In the case of observing a custom resource within a single namespace, neither of the above safety nets gets tiggered. This results in the operator silently dying. From reviewing the code, I think a fix to this could be for to update https://github.com/nolar/kopf/blob/c158baee82486b731496c7eec01fe60fcea2efce/kopf/_core/reactor/orchestration.py#L104-L132 so that orchestrator checks monitors the status of the tasks in the ensemble, and raises an exception if they fail. An example is below
async def ochestrator(
*,
processor: queueing.WatchStreamProcessor,
settings: configuration.OperatorSettings,
identity: peering.Identity,
insights: references.Insights,
operator_paused: aiotoggles.ToggleSet,
) -> None:
peering_missing = await operator_paused.make_toggle(name='peering CRD is missing')
ensemble = Ensemble(
peering_missing=peering_missing,
operator_paused=operator_paused,
operator_indexed=aiotoggles.ToggleSet(all),
)
try:
async with insights.revised:
while True:
wait_for_insights_task = aiotasks.create_guarded_task(insights.revised.wait(), "wait-for-insights")
done, pending = await aiotasks.wait([wait_for_insights_task, *ensemble.get_tasks(ensemble.get_keys())], return_when=asyncio.FIRST_COMPLETED)
for task in done:
if task.exception() is not None:
raise task.exception()
if wait_for_insights_task.done():
await adjust_tasks(
processor=processor,
insights=insights,
settings=settings,
identity=identity,
ensemble=ensemble,
)
except asyncio.CancelledError:
tasks = ensemble.get_tasks(ensemble.get_keys())
await aiotasks.stop(tasks, title="streaming", logger=logger, interval=10)
raise
Now, watcher tasks whose exit status was not previously monitored are now monitored, and exceptions in them will cause the operator to exit.

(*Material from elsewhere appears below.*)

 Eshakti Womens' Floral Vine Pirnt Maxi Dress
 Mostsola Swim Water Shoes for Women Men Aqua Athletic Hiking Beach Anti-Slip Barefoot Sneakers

I am not sure if there are other side-effects of this approach though
For some additional context, the auth related error I mentioned is the one trigger I found to reproduce this issue. However, it may not be the only trigger
In theory, this can also be reproduced by dropping all of the signal handling and monkeypatching from the above code, and instead just deleting the service account (or removing its rolebinding/role) to trigger the bug.
@james-mchugh I agree, seems related to #1158 and #980. I have hit the scenario described here (watchers die, the operator continues) a few times while debugging those two issues. But it is different — here, something is wrong with the error escalation (or a lack of it) from the "orchestrator". It happened even with non-http errors — though not always, rather probabilistically, but nevertheless 50/50 reproducible.

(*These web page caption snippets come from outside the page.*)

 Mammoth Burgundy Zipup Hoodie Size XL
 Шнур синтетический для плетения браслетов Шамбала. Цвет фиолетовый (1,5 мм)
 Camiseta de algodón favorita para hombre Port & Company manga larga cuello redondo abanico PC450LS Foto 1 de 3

First of all, thanks for the detailed investigation — the explanation seems totally valid and makes the chain of events clear. Second, the proposed solution also seems promising. Though I have some concerns about the guarded task & potential resource leaks (abandoned unawaited tasks/coros) — I need to think on this, and experiment with the repro a few times; and also double-check if #1031 maybe fixes this issue too — as a side effect.

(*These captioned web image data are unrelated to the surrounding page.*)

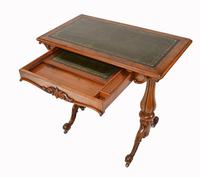 Victorian Writing Table Walnut Tulip Leg Desk c.1880 (9 of 10) Victorian Writing Table Walnut Tulip Leg Desk c.1880 (9 of 10)
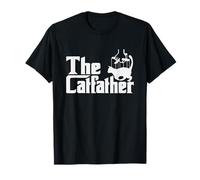 Funny The Catfather Kitten Dad Summer Gift For Pet Lovers Maglietta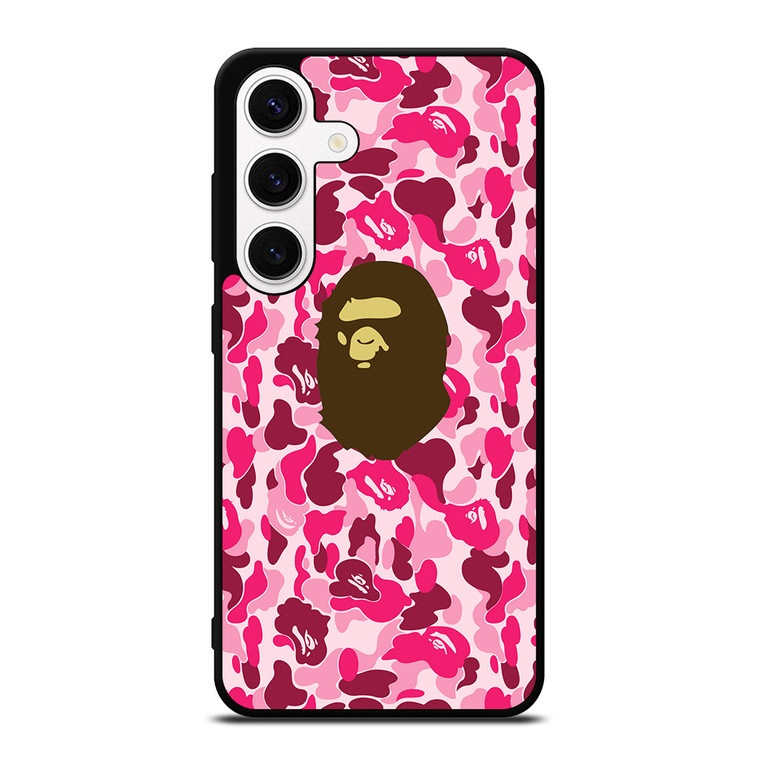 CAMO BAPE LOGO 2 Samsung Galaxy S24 Case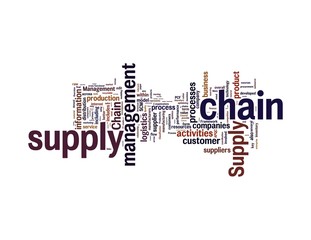 Fototapeta premium Supply Chain Management (SCM)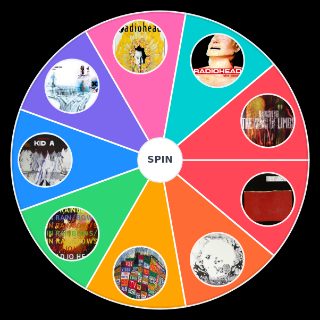 Radiohead Studio Albums Random Generator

Unfortunately, I have a somewhat limited capability to code now, so I code in small chunks & from time to time, and so I have to prioritize the issues. Once I get the feedback & merge the fix for those two issues above, I will take a look at this one (since it is adjacent code-wise). No timeline promises though, sorry.
No problem. Thank you for taking the time to look into this too! I'm happy to help with a contribution as well. I know the solution I presented may not be the best. I'm happy to look into contributing a fix to this if another solution comes to your mind, but you don't have the cycles to implement it.